South Africa is self-sufficient and only imports small quantities of deciduous fruits to fulfill niche markets or to satisfy domestic demand when supply is limited.

The Western Cape Province is the largest growing region of deciduous fruits in South Africa, accounting for 72 percent of the total growing area and production. The other growing regions include the Northern Cape (17 percent), Eastern Cape (8 percent), and less than 3 percent in the North West, Free State, Mpumalanga, and Limpopo Provinces.

Deciduous fruit is the largest sub-sector of the South African fruit industry in terms of area planted, which was 80,738 hectares in the 2017/18 MY, from 79,911 hectares in the 2016/17 MY. Table grapes (fresh and dried) accounted for 32 percent of the total area planted to deciduous fruits in the 2017/18 MY, followed by apples (30 percent), pears (15 percent), peaches (8 percent), plums (6 percent), apricots (3 percent) and nectarines (2 percent).

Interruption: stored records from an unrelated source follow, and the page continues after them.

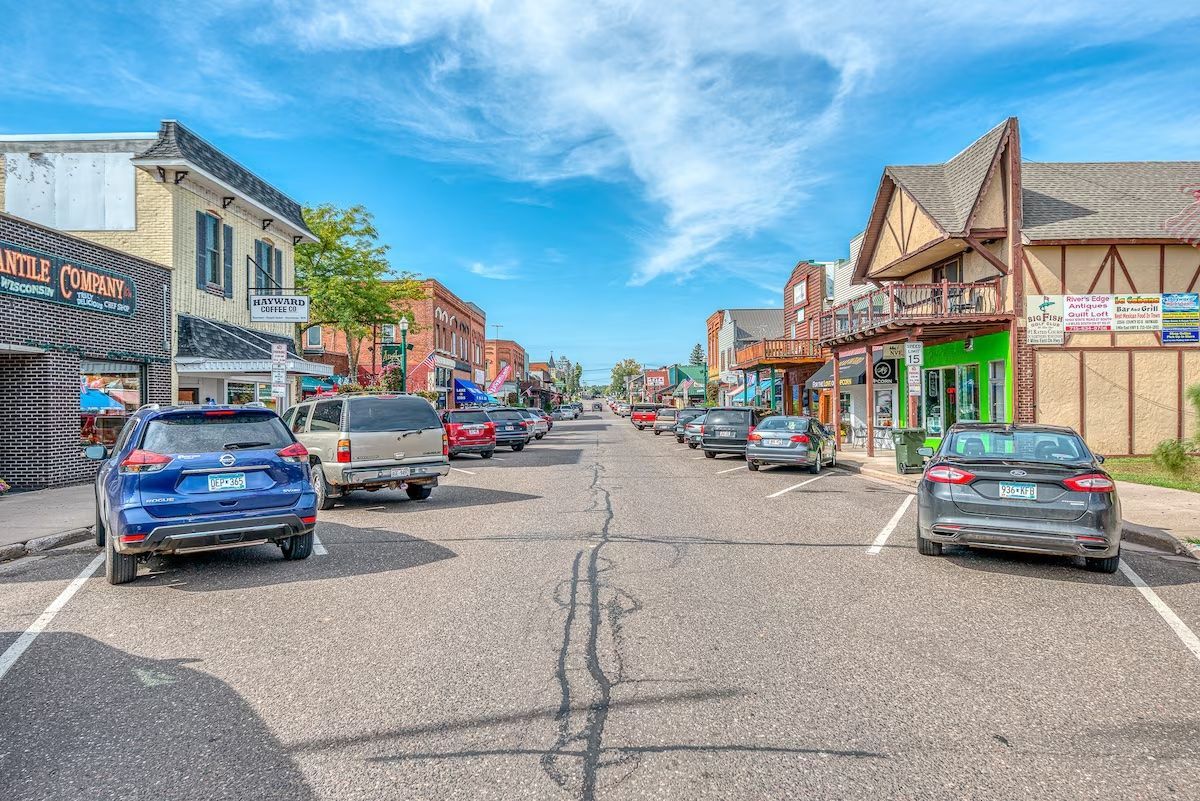 A row of cars are parked on the side of a city street.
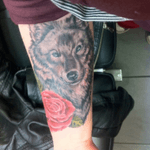 I got this tattoo done at Dragon Fx by Chantelle Tousignant on Sept 11th 2014 #wolftattoo #wolfportrait #blackandgreysleeve #RoseTattoos #realismtattoo #greywolf 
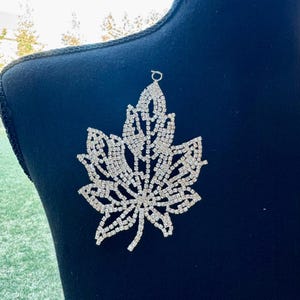 May include: A sparkling, silver-colored rhinestone maple leaf brooch. The brooch is set on a black background. The leaf design is intricately detailed, with each vein and edge outlined with shimmering rhinestones. The brooch has a small loop at the top for attachment.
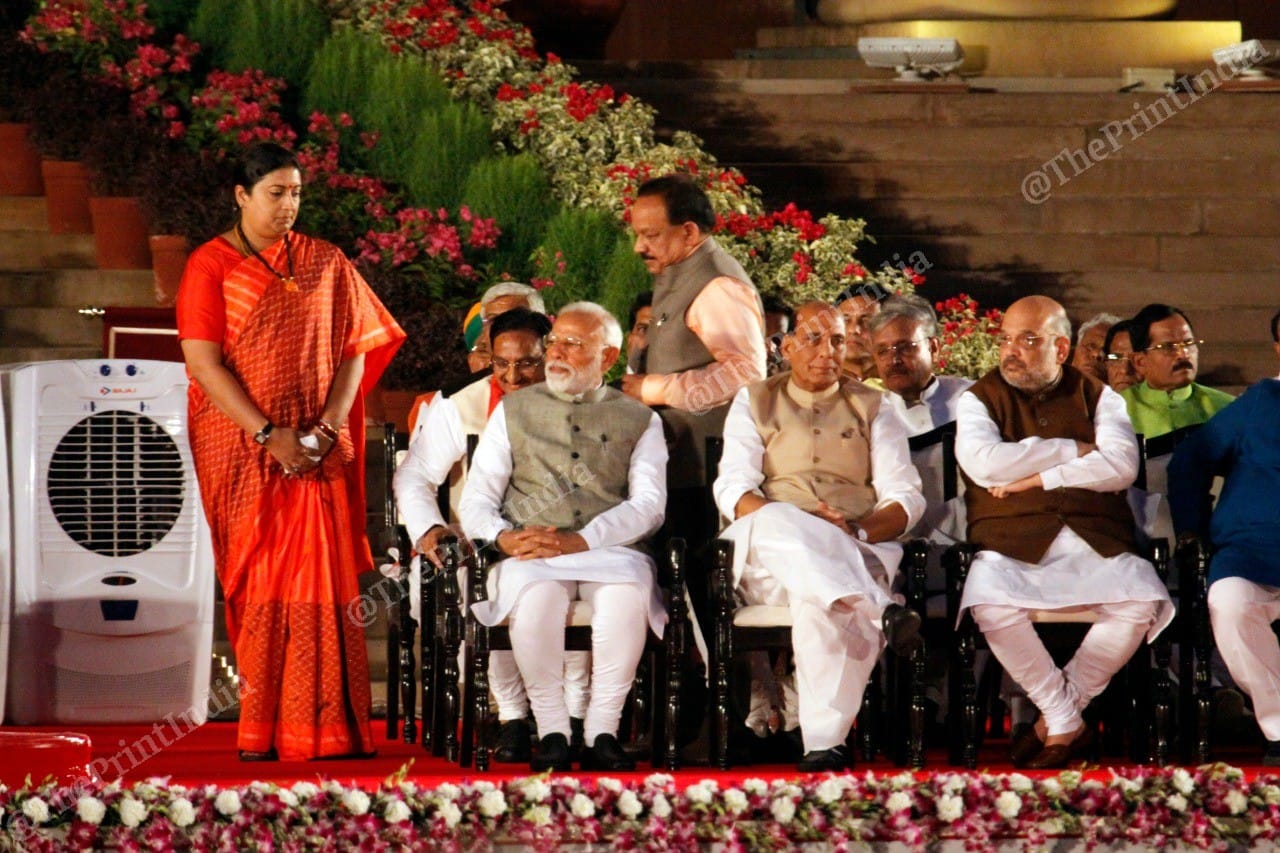 First time Lok Sabha MP Smriti Irani gives way to BJP leader Harshvardhan | Photo: Praveen Jain | ThePrint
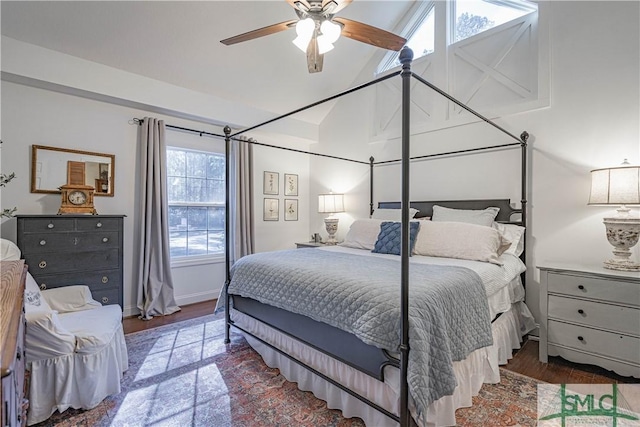 bedroom with ceiling fan, dark wood-type flooring, and multiple windows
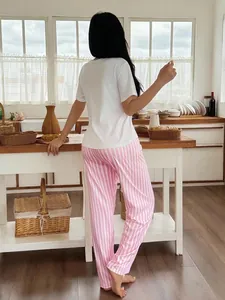 Πίσω όψη ενός casual γυναικείου σετ πιτζάμας με λευκό μπλουζάκι και ροζ ριγέ παντελόνι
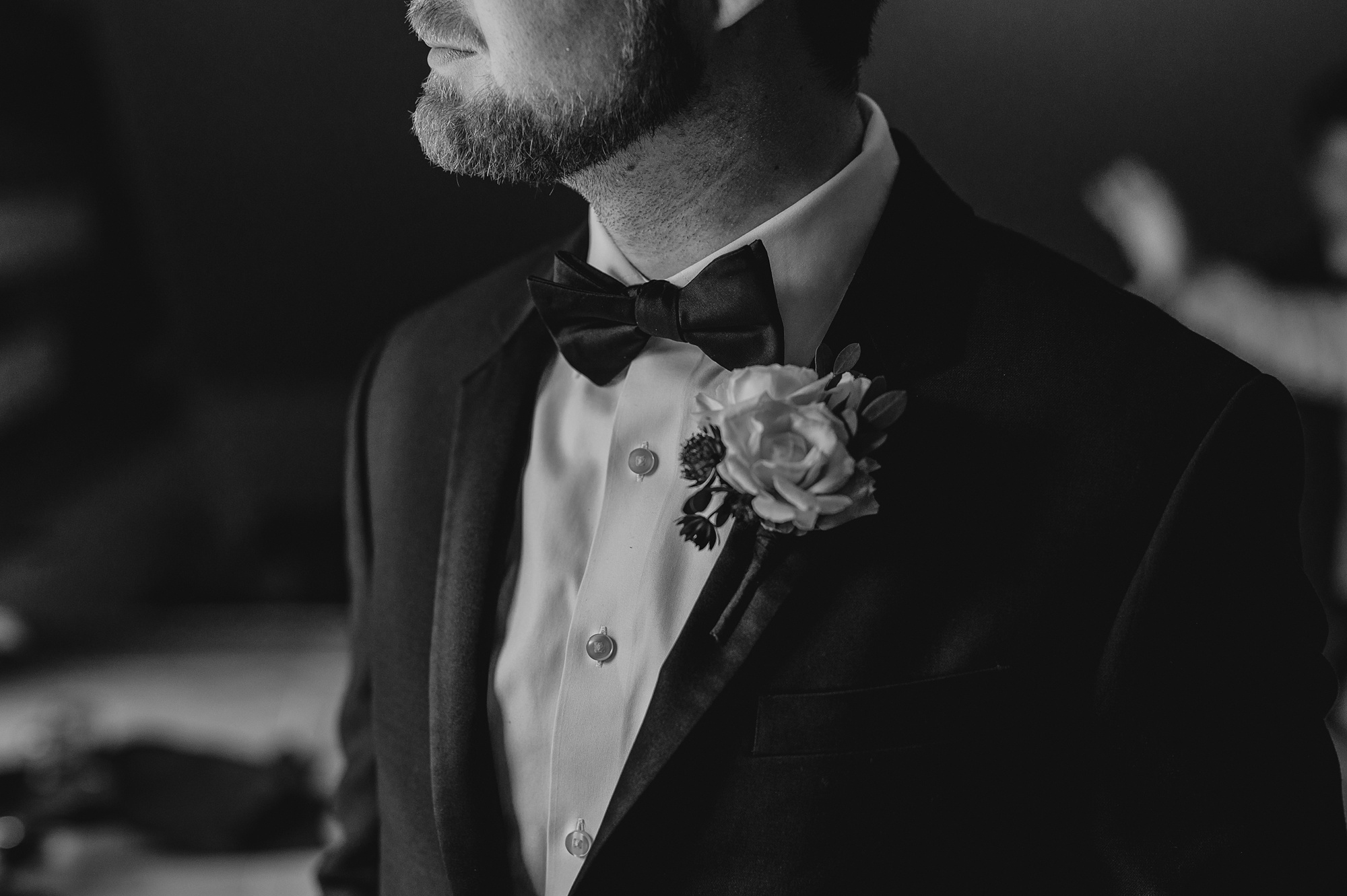 groom shows off small boutonnière on black tux for NJ wedding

Taking a look at fresh table grapes and the Northern Cape:
The production of table grapes is estimated to increase by 2 percent to 315,000 MT in the 2018/19 MY, from 307,541 MT in the 2017/18 MY. This is based on the increase in area harvested, normal weather conditions and availability of irrigation water. The recovery from the drought and return to normal table grape production is expected to be in the 2018/19 MY, due to the climatically diverse growing regions in the Western Cape Province and Northern Cape Province (not impacted by the drought), increase in area under production, and the continued shift to higher yielding new varieties.

The major growing areas for table grapes are the Hex River and Berg River regions in the Western Cape Province, accounting for 54 percent of the total area planted, followed by the Orange River and Olifants River regions in the Northern Cape Province, accounting for 35 percent of the total area planted. Table grapes are normally harvested from October to May. Harvest starts in week 43 (beginning of October) in the Northern Cape Region. The Hex River valley is the last region for table grapes harvesting.

Area Planted
The area planted to table grapes is estimated to increase by 2 percent to 21,500 hectares in the 2018/19 MY, from 21,067 hectares in the 2017/18 MY. This is based on new orchards coming into full production, and some wine grapes being converted to table grapes. The area planted to table grapes has been increasing steadily since the 2007/08 MY. This increase is correlated to the weakening of the rand, increased export revenues, and the decline in area planted to wine grapes.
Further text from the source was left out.